So the Fed has stopped, at least for now, a global rout but fears of a recession are continuing to mount. Certainly, the US economy is showing some signs of recession with stock prices slipping, long-term interest rates dropping below the level of short-term rates, housing construction falling and unemployment up sharply. And the Fed is coming under for being behind the eight ball and twiddling its thumbs while the US economy was going down the toilet. And the Fed's aggressive move is implicitly admitting that it had let things go for too long and is now trying to catch up. "I think the Fed definitely has lost a decent amount of credibility...they have been behind the curve and reacted to the market and that doesn't engender a lot of confidence," Greg Peters, head of credit strategy at Morgan Stanley told The Wall Street Journal.

So will the Fed avert a recession? And what are some of the questions that still need to be answered?

Morgan Stanley Asia chairman Stephen Roach says that the rate cut won't fix the imbalance between supply and demand in the US property market and that it won't fix the credit markets. "In essence, the Fed is "pushing on a string" here - unable to stop the recessionary dynamic now unfolding.
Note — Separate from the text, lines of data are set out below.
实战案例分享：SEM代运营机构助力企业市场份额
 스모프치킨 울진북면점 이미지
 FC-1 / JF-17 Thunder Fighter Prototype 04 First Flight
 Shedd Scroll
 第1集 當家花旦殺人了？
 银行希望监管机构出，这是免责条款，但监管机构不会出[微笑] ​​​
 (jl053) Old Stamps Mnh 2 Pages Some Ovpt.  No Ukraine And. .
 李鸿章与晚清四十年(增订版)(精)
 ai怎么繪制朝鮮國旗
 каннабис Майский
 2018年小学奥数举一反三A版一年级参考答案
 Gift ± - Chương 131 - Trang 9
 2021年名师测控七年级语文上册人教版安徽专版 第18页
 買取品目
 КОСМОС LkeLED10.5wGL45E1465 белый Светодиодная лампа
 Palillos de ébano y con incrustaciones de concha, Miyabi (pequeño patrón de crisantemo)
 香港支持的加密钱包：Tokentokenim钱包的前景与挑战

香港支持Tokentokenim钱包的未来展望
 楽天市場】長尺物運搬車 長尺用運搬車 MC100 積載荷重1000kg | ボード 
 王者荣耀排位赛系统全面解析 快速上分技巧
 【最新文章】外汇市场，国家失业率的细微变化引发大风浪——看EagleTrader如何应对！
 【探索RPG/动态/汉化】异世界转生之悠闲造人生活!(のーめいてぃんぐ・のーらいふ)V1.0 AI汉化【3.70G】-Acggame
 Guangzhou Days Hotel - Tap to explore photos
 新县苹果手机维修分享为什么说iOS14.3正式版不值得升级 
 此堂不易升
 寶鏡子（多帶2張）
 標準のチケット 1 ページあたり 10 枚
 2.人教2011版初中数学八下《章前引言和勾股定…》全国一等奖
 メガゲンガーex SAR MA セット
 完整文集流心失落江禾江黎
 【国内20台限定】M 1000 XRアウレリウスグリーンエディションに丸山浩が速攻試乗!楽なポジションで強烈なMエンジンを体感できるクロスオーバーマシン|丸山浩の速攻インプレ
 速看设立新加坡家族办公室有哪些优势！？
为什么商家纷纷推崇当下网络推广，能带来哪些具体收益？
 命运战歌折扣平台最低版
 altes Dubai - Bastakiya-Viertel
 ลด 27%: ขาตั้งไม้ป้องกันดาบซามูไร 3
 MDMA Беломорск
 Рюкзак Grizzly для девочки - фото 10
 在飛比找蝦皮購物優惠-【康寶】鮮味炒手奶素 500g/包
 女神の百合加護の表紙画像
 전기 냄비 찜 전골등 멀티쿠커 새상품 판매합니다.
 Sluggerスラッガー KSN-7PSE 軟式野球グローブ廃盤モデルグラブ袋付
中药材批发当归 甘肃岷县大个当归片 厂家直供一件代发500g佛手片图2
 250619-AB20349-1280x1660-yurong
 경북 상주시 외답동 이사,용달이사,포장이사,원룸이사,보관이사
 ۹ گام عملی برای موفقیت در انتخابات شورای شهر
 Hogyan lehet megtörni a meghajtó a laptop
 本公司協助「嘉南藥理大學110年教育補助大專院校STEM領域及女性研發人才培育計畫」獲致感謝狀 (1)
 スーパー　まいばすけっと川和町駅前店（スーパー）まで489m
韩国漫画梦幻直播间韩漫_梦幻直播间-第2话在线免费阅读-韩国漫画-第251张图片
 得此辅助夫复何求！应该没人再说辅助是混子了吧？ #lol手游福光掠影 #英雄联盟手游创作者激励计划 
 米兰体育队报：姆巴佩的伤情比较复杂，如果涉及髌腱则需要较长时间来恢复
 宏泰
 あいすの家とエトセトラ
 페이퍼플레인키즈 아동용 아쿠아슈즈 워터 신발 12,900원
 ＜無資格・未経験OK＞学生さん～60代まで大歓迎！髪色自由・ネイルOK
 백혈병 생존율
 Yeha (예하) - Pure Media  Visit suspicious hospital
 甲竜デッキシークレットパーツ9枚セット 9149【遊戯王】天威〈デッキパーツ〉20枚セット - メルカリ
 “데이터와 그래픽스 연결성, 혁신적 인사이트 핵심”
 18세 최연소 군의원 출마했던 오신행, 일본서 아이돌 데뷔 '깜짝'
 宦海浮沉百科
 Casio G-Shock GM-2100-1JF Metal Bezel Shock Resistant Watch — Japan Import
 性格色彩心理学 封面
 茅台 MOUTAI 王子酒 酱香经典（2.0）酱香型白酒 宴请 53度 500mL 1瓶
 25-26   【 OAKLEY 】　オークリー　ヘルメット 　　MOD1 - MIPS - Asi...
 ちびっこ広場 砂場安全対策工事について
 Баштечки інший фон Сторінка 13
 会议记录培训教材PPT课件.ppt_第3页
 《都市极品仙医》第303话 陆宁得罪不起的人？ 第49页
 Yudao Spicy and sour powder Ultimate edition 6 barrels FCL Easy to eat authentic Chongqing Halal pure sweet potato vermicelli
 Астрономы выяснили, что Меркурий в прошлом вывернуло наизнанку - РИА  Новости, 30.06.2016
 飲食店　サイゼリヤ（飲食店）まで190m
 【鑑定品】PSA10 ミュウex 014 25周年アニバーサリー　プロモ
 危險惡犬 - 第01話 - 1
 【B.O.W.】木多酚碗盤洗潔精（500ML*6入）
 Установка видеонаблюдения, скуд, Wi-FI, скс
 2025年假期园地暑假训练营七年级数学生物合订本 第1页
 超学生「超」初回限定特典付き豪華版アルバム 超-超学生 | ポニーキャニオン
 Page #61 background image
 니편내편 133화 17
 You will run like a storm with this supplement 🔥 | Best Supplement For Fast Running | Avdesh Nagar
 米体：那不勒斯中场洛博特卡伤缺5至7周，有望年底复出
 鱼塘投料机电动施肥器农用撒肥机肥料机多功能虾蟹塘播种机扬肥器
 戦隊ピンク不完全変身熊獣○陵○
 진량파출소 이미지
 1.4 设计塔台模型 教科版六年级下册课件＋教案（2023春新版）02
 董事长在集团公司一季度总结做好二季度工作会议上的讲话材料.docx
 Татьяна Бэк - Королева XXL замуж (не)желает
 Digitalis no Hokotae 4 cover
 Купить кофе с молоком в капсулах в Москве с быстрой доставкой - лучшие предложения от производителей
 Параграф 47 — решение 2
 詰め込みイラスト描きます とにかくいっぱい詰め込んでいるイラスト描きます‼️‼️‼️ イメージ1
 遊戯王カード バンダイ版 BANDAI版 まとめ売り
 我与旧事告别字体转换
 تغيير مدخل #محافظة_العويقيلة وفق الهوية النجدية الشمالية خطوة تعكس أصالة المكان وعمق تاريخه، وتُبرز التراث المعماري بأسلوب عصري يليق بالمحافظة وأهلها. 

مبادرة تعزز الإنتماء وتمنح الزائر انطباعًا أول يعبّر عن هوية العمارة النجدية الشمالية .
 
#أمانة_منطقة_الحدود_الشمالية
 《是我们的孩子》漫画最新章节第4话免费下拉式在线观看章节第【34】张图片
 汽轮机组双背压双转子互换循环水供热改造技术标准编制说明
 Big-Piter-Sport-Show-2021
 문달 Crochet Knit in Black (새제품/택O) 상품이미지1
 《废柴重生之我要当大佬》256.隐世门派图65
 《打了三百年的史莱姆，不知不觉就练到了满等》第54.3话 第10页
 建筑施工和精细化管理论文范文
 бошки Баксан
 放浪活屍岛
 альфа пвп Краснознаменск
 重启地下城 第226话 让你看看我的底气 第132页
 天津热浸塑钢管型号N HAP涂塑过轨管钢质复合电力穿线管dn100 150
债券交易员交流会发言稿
But there will be consequences in the next recovery. Unfortunately, the US central bank can't seem to break out of the market-friendly trap it fell into nearly a decade ago Panicking over the possibility that yet another bubble is bursting, the Fed is once again injecting liquidity into an asset-dependent US economy. That won't arrest the recessionary dynamic now unfolding but it could well set the stage for the next asset bubble in America's bubble-prone economy. Have we learned anything from the mess of the past seven years?"

New York University professor of economics and international business Nouriel Roubini warns that the rest of the world can't decouple from the US and that there is no way the Fed can head off a recession. As predicted here at the beginning of the year 2008 will be ugly bearish for US and global equity markets.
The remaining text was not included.